In an interview with the Financial Times last week, chief executive Pascal Soriot said it had been “bad luck” that sites supplying the EU had struggled with production problems, while others, such as one in South Korea, had not.

The EU has been particularly riled that AstraZeneca has been more successful at fulfilling its UK contract. Soriot said the original contract between the UK government and Oxford university, before AstraZeneca became a partner, included priority access to vaccines produced at UK manufacturing sites. 

AstraZeneca is arguing that it told the EU in its original tender on July 24 2020 that the UK manufacturing facilities would only produce doses for the EU once they had fulfilled UK orders. 

AstraZeneca is still the second-largest supplier to the EU after BioNTech/Pfizer. Unlike many of its rivals, AstraZeneca is providing the vaccine on a non-profit basis for the duration of the pandemic.

The 20m extra doses the commission is seeking from the company would make little difference to the EU’s accelerating vaccine rollout. Some countries have restricted the use of AstraZeneca jabs because of rare but potentially fatal side-effects. Denmark has stopped using it altogether.

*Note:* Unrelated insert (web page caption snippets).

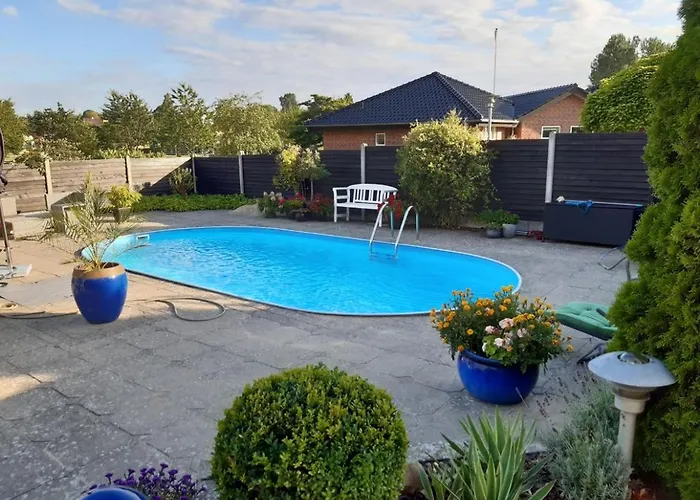 Johannas' Have Fåborg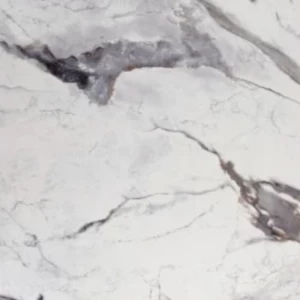 Alternative Marble Panel 122x290 cm, Light Gray | R341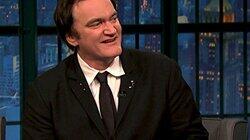 Quentin Tarantino, Moon Taxi, Ilan Rubin Quentin Tarantino, Moon Taxi, Ilan Rubin
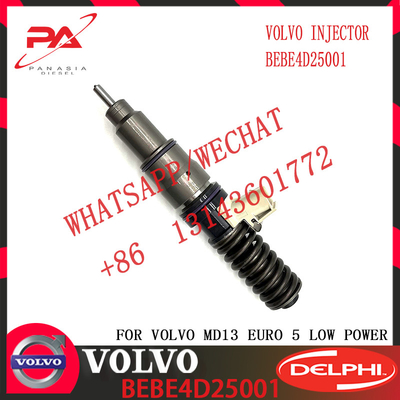 New Diesel Fuel Injector 21340616 BEBE4D25001 21340616 21371679 85003268 For V-O-L-V Injector D13C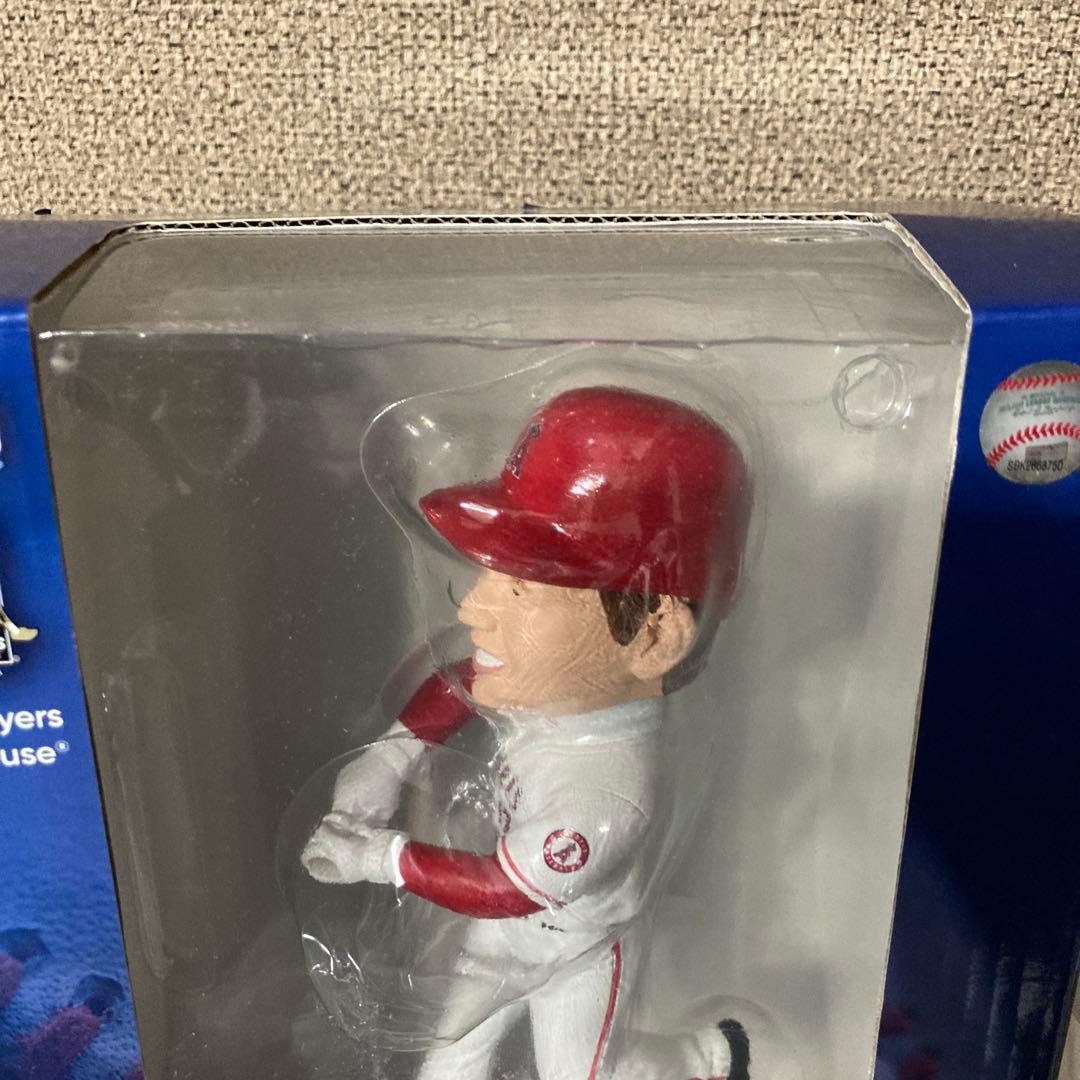 大谷翔平 ボブルヘッド faco バッティングポーズ　2018個限定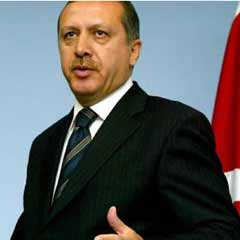 Erdoğan: Af, gündemimiz de yok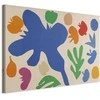 Artgeist Paveikslas - Henri Matisse – Wild Poppies II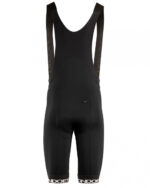 ETXEONDO Culotte Corto Hombre Olimpico negro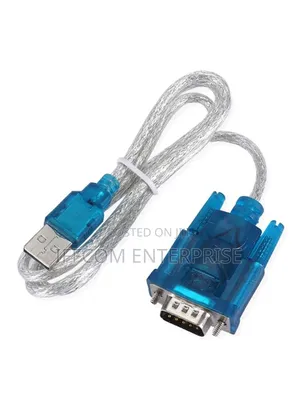 Serial to Usb Cable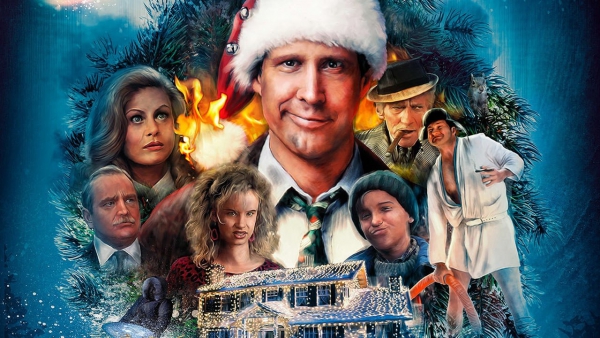 Comedy-film 'Vacation' wordt serie 'The Griswolds'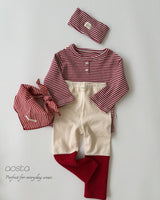 ［Aosta］Everyday Leggings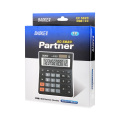 Promotional Office Gift Electronic Digital 12 Digit Solar Mini Correct Calculator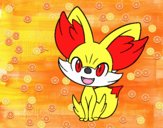 Fennekin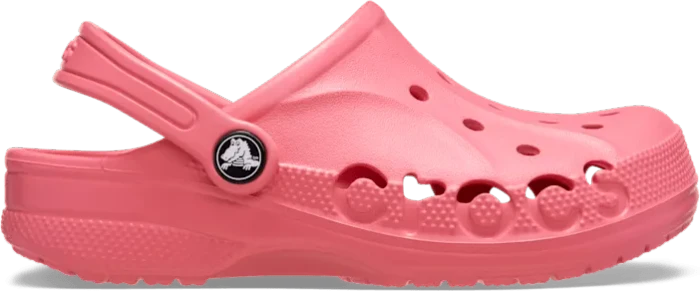 Crocs Baya Clog dark cherry (Junior)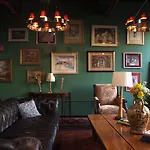 Hostel The Nolita Express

But more AstraZeneca shots would give the EU a bigger cushion as it vies to hit a target of fully vaccinating 70 per cent of its adult population, about 255m people, by July. The bloc currently estimates it will have received 519m doses of all vaccines by the end of June, including 55m single dose Johnson & Johnson shots.

EU officials have suggested extra AstraZeneca doses could come from the US, where the jab has still not been approved for use, or another international manufacturing site, such as China.

A verdict in the Belgian court case is expected next month. The commission has also launched a separate legal claim for damages for what its alleges is AstraZeneca’s overall failure to honour its contract. The company contests that claim.